Activity - In the material below, find the line containing "Scissor Jack 1T/E2601" and output it and all lines after it exactly, through the last one, without the pictures.

"""

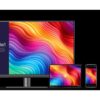 34e9047d-27e7-4a26-8396-a5961727f290 BENQ PD2706QN 27inch IPS QHD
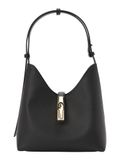Furla Sac bandoulière 'GOCCIA' noir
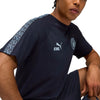 Manchester City FC King T-Shirt 2025/26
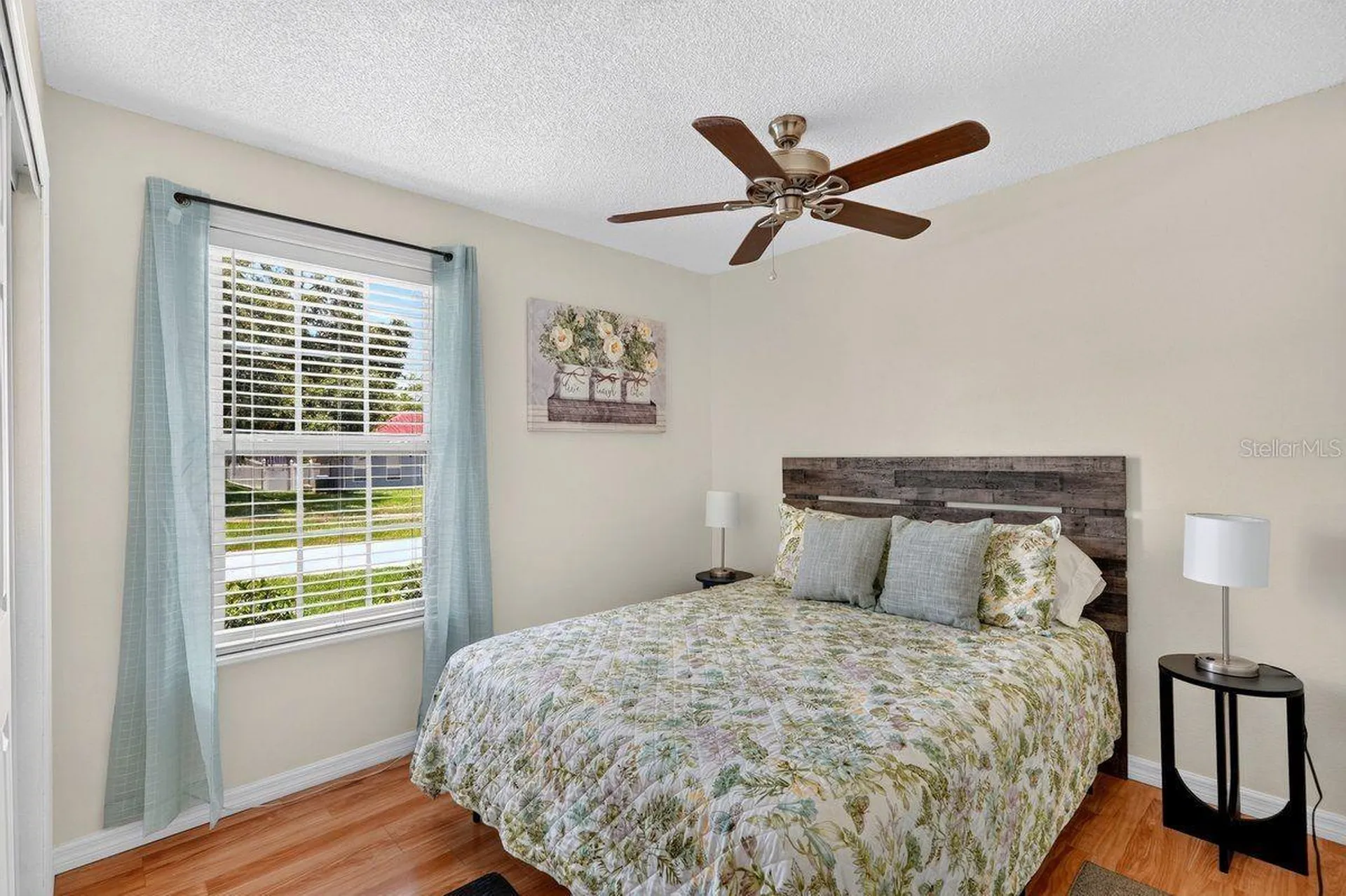 3018 Yorkshire Drive Deltona FL 32738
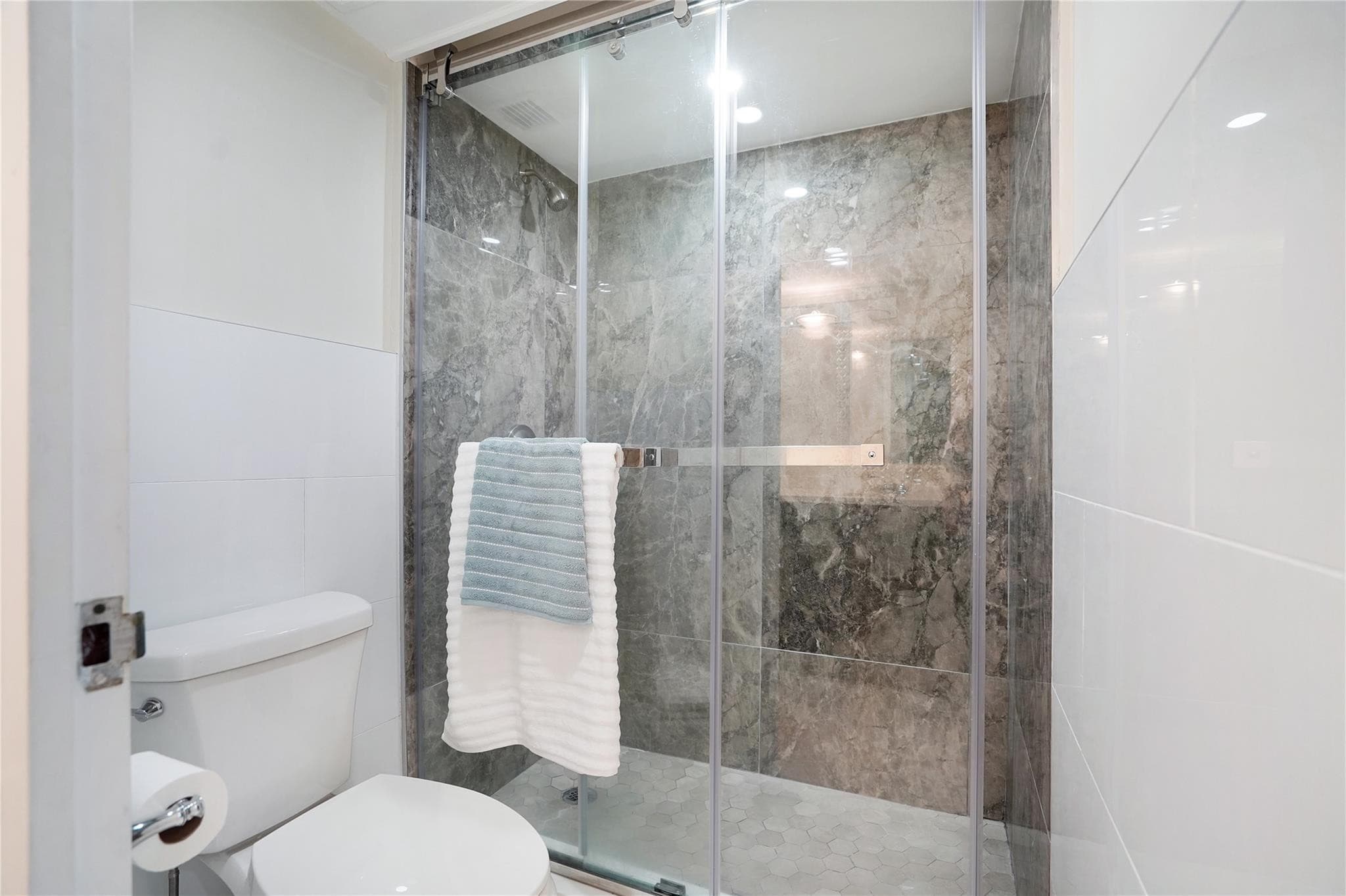 3430 Galt Ocean Drive 410, Fort Lauderdale, FL 33308 — photo 32 of 53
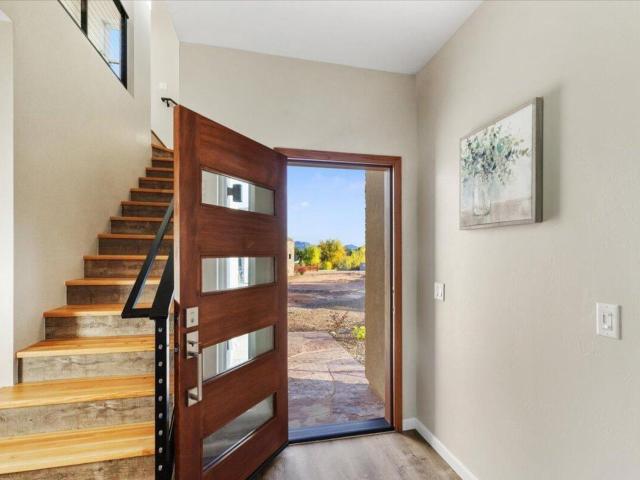 House for sale in Camp Verde, Arizona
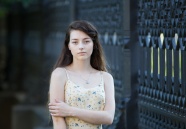 老澳门彩出号综合走势——价格策略解析 老澳门彩出号综合走势——价格策略解析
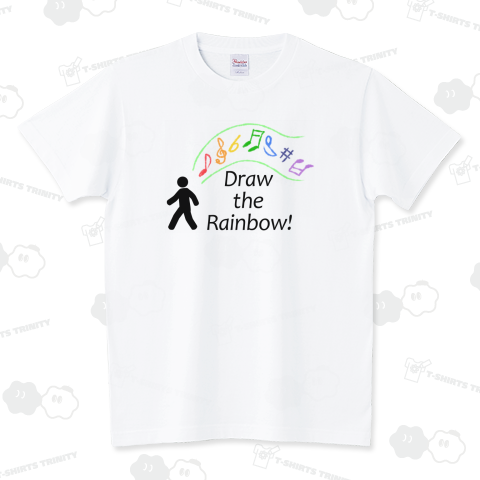 Draw the Rainbow!5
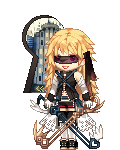 loving angel nooby's avatar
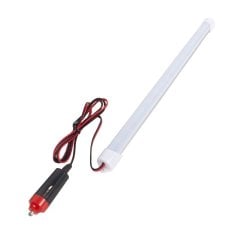 Powermaster PM-11048 12V Led Lamba 30 Cm Çakmaklık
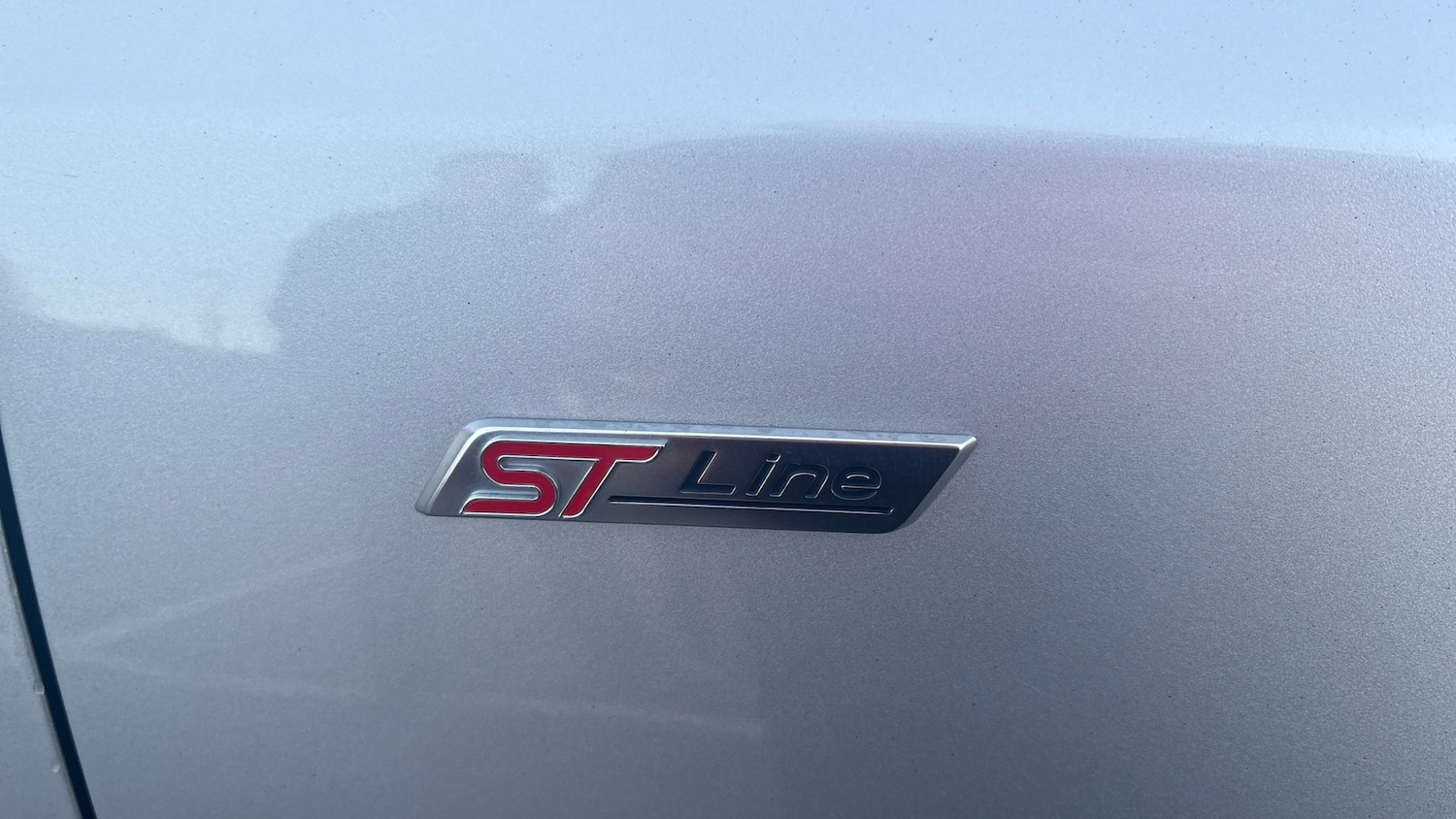 Used Ford Focus 2023 for sale - 77777476: Photo 21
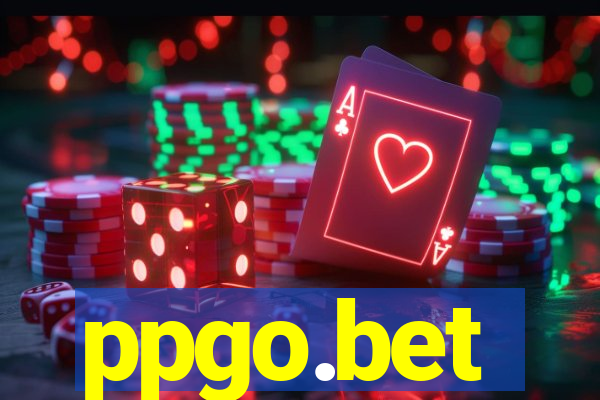 ppgo.bet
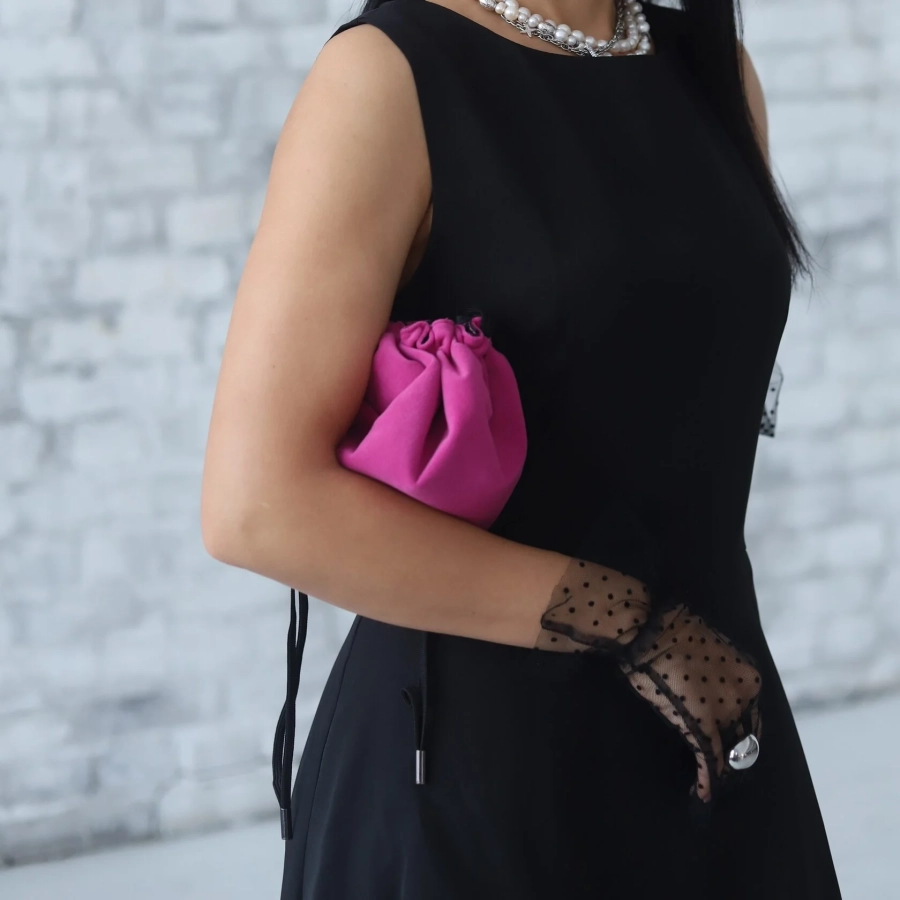 Органайзер Pretty Travel Bag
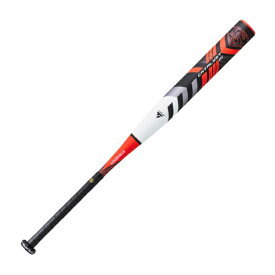 【まとめ買いで最大ポイント10倍6/4 20：00〜6/11 1：59】ルイスビルスラッガー LOUISVILLE Slugger ソフトボールバット 3号用 ルイスビルスラッガー カタリスト3 TI ソフトボール用 ゴム3号 WBL27580108468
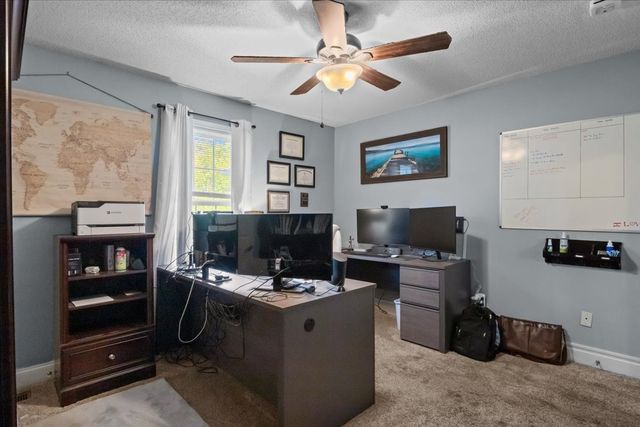 116 Stewart Ln, Waverly, TN 37185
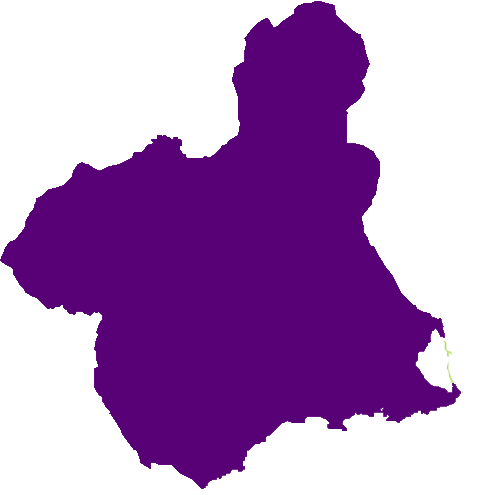 Procuradores de Murcia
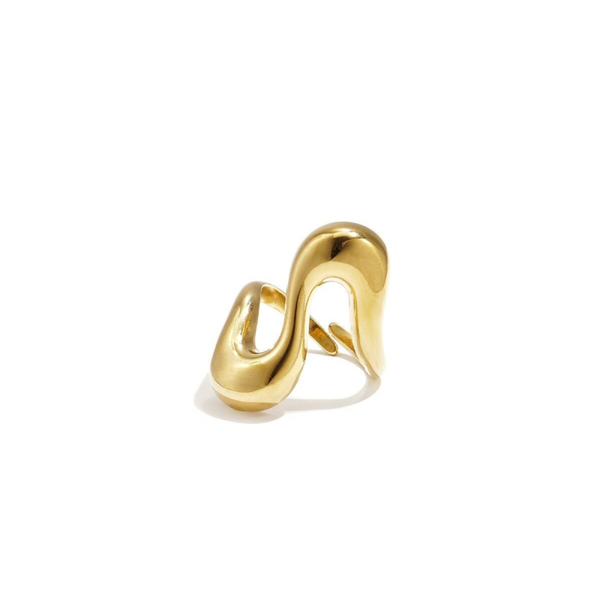 RING VERA P.O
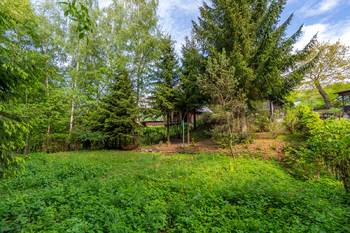 Prodej chaty / chalupy 46 m², Lukov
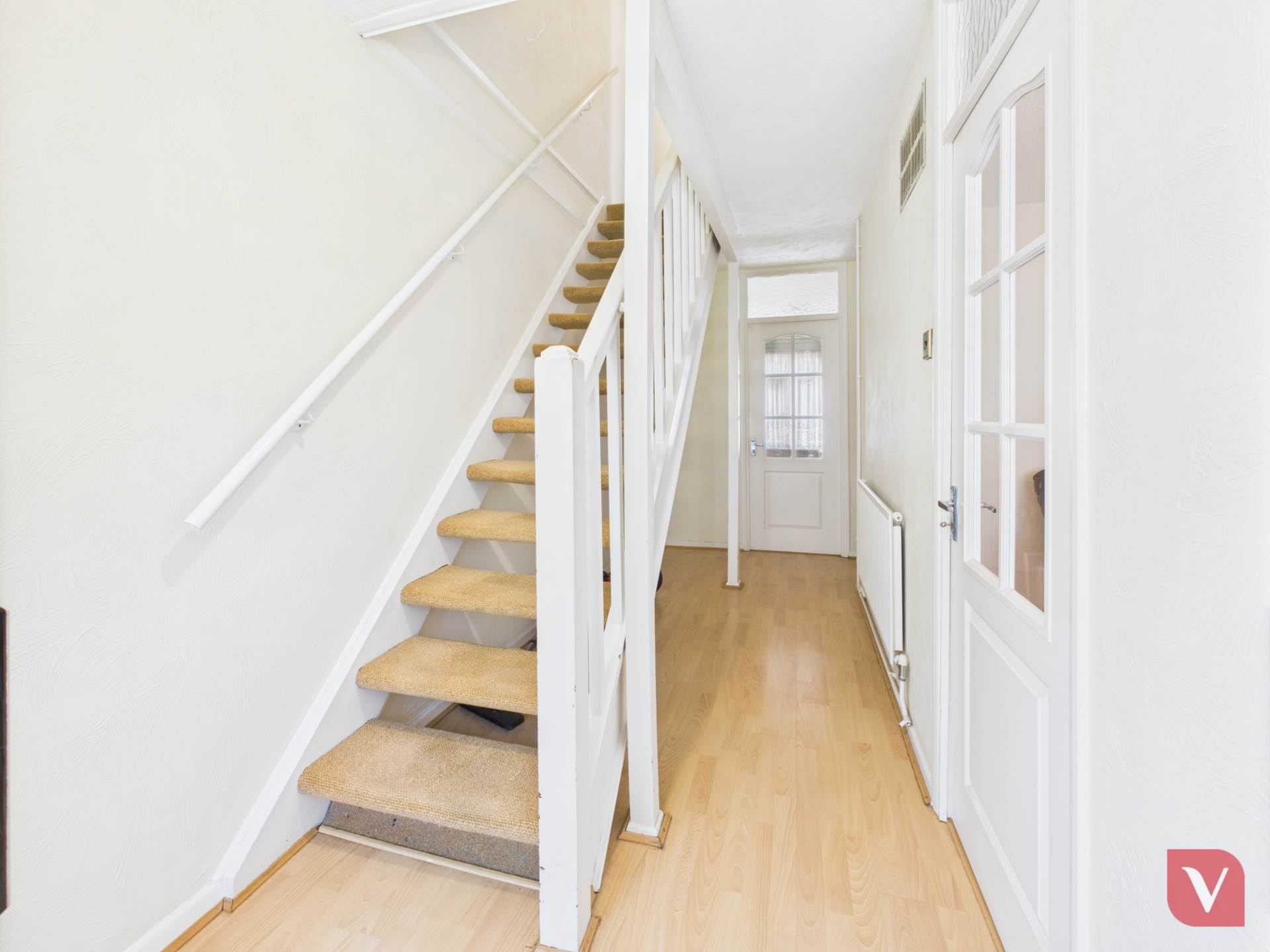 Hockwell Ring, Luton, Image 13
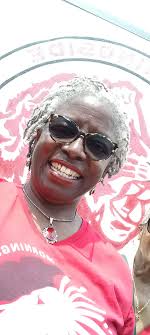 Morningside Monarchs 1977 varsity cheerleaders memories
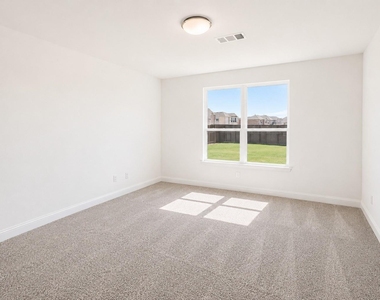 3213 Cordelia Drive - Photo Thumbnail 4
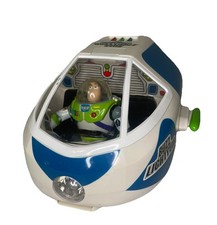 Vintage toy story for sale  Olive Branch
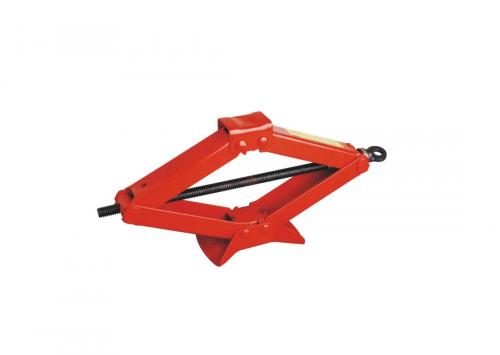 Scissor Jack 1T/E2601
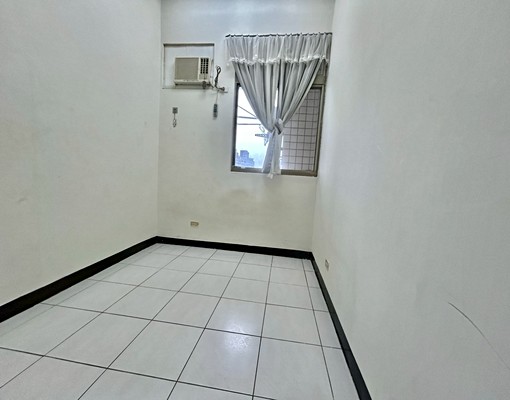 🔥稀有釋出|武陵高中旁美兩房 - Image 7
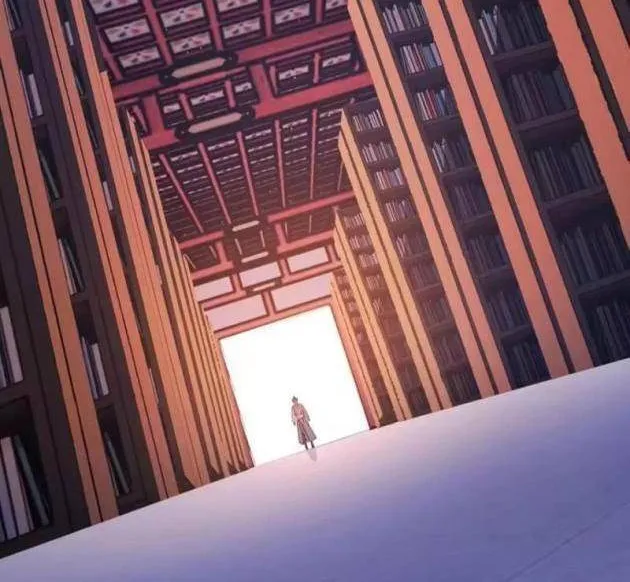 Ai Bảo Hắn Tu Tiên! Chap 6 - Next Chap 7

"""

Result for this task -
 Scissor Jack 1T/E2601
 🔥稀有釋出|武陵高中旁美兩房 - Image 7
 Ai Bảo Hắn Tu Tiên! Chap 6 - Next Chap 7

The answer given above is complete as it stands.